September Picnic at DeLaveaga
Observing our unendingly exhausted souls,
I'm grateful all the same to have our sink unclogged
(the plumber like a Scotsman we have come to know
who plants a kindergarten of baby redwoods,
builds things, voice like a dram of finest single malt,
Laphroig once shared beside the river
all awash with city lights). Grateful to have one more
(if only one—an ache of absence at the other end)
incredible rendition of that metamorphic play, after
another evening's consultation with the trees
and cloths narrating light on the table of sturdy,
reassuring wood. Lustrous cotton woven in France,
underlying our summer salads, generously layered cake.
And maybe as I write owls are gathering there,
above the stilling town, the stone blue ocean
a marginal note with maybe a little sailboat or two,
guileless as children's drawings (a few peaky pencil lines,
a daub of white), as nothing else is anymore.

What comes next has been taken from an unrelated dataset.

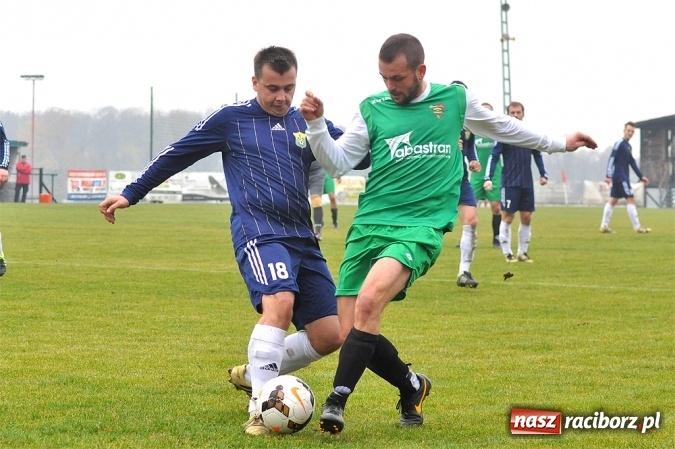 Zdjęcie w galerii na portalu naszraciborz.pl: Gol w doliczonym czasie dał trzy punkty Rudom wiadomości z regionu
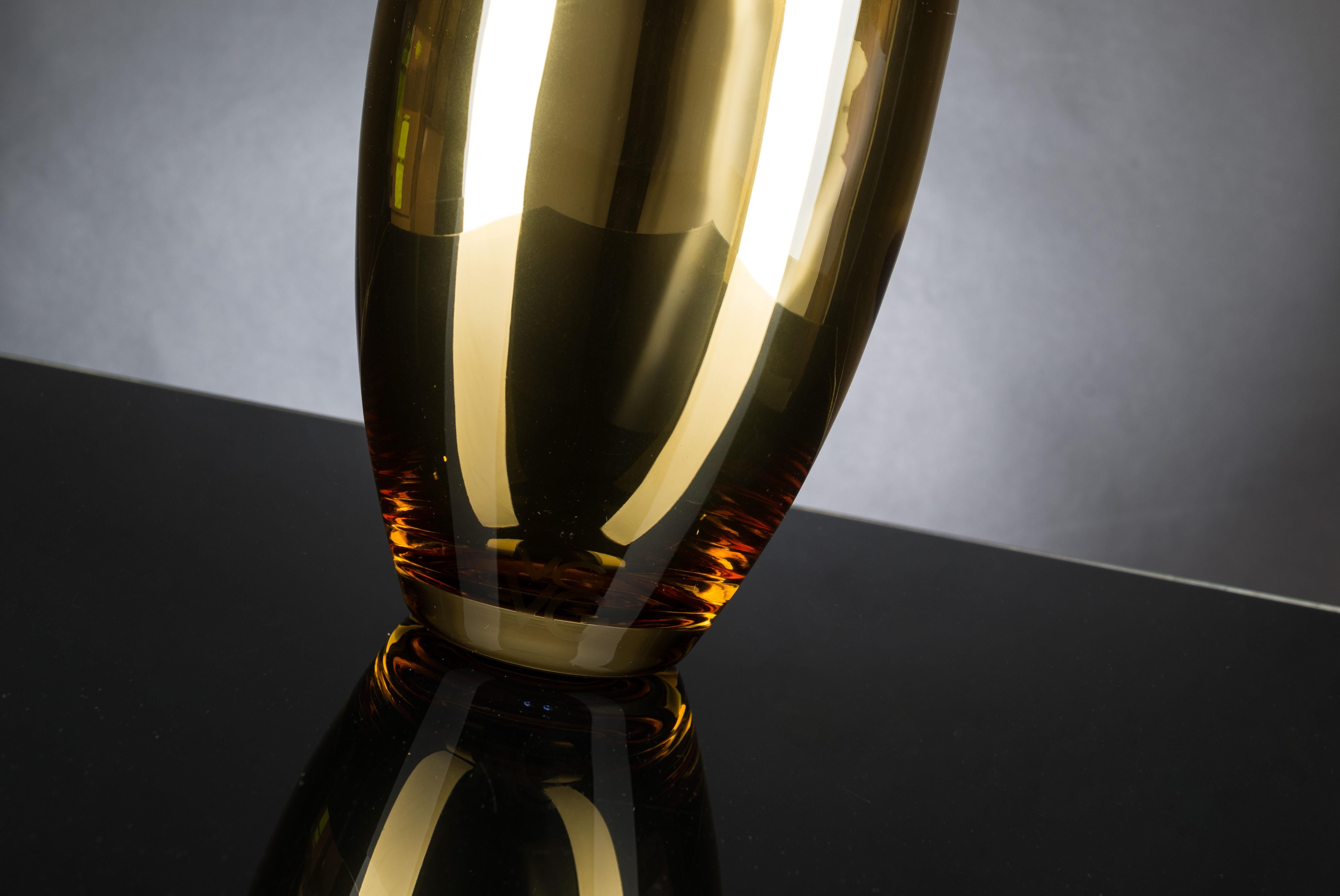 Vase Tik:: Farbe Gold:: aus Glas:: Italien (Moderne) im Angebot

Making a grocery list before we go: "something like
twenty shrimp," fresh mint (which I somehow forget),
feta, tomatoes still holding summer in them—
tasting of Greece, of the island we visited
where a long ago favorite book was set, about
a kind of Prospero manipulating love and loss.
Things we're all facing now, so I have my heart set
on that shrimp with summer tomatoes and oregano,
another hour or two there among the watching trees,
before the summer and the rest of it comes to an end.